***** Supplied information

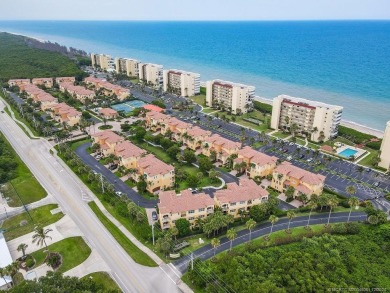 Beach Condo For Sale in Jensen Beach, Florida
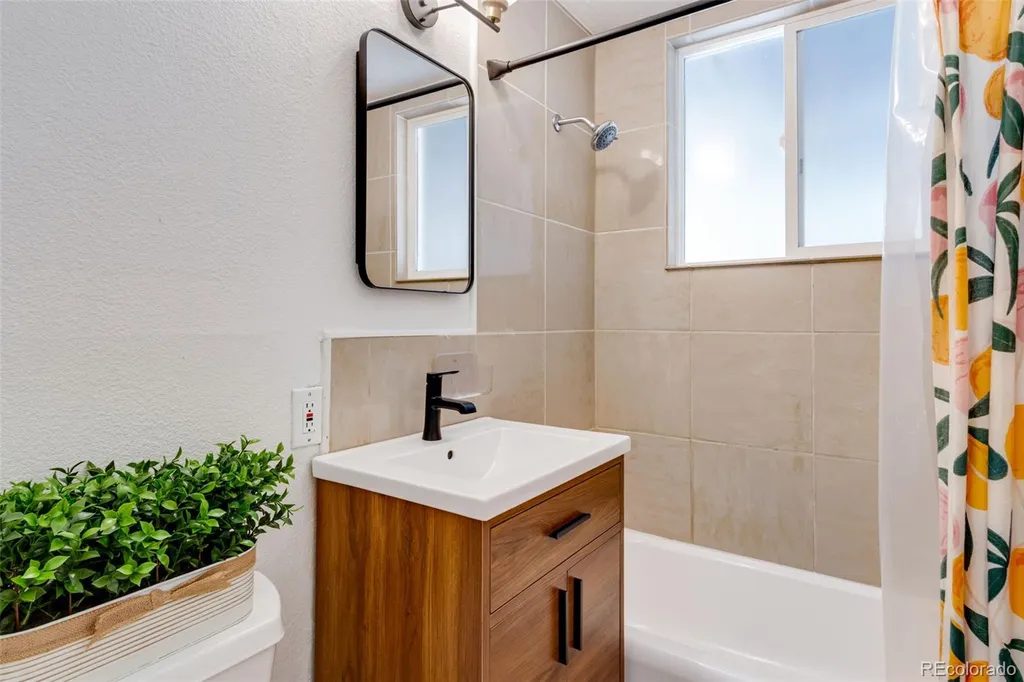 5275 Dudley Street Arvada CO 80002
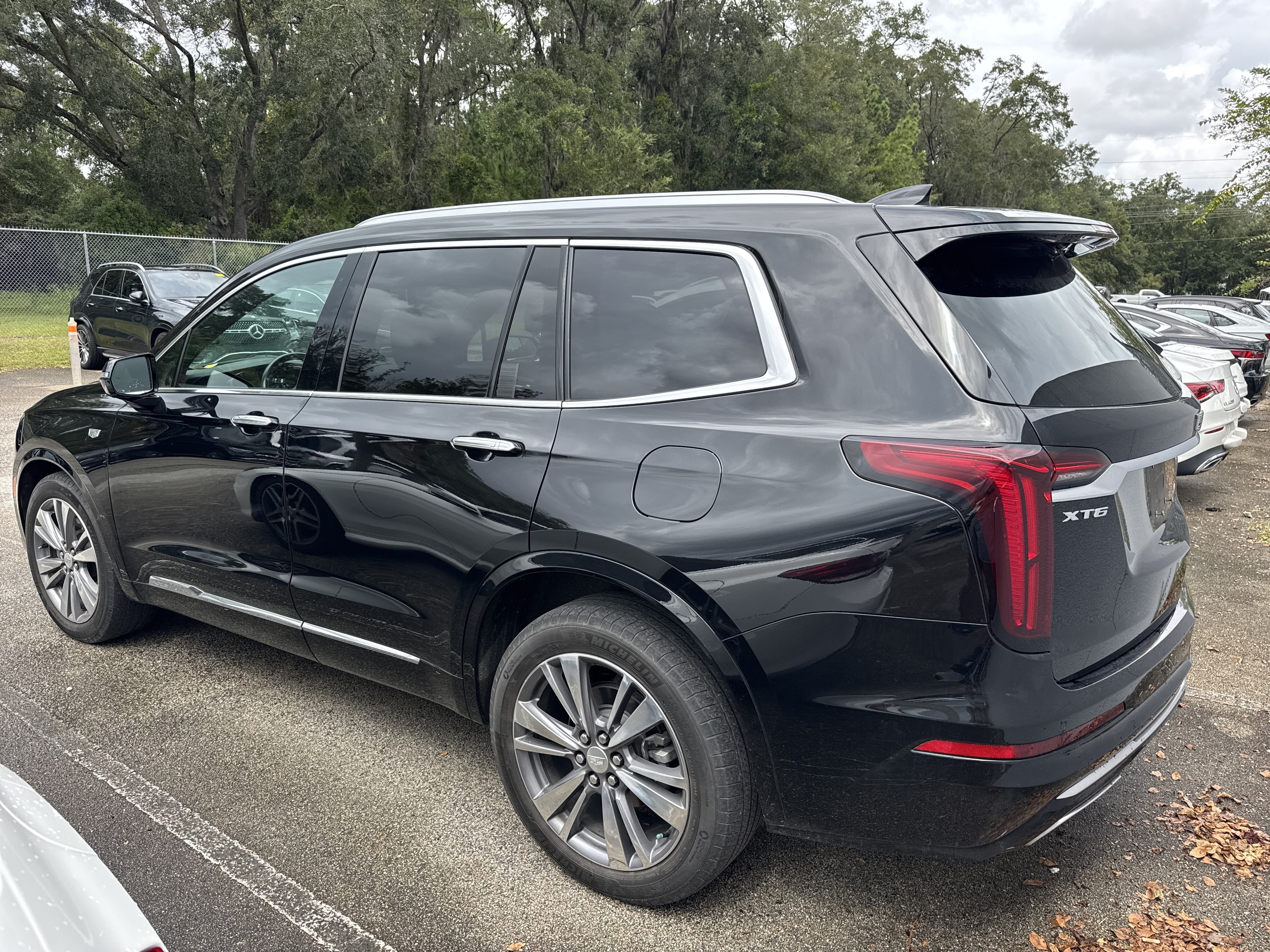 Used 2020 Cadillac XT6 Premium Luxury FWD image 2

**********

Pictures aside, retype the material exactly.

Answer box:
 Beach Condo For Sale in Jensen Beach, Florida
 5275 Dudley Street Arvada CO 80002
 Used 2020 Cadillac XT6 Premium Luxury FWD image 2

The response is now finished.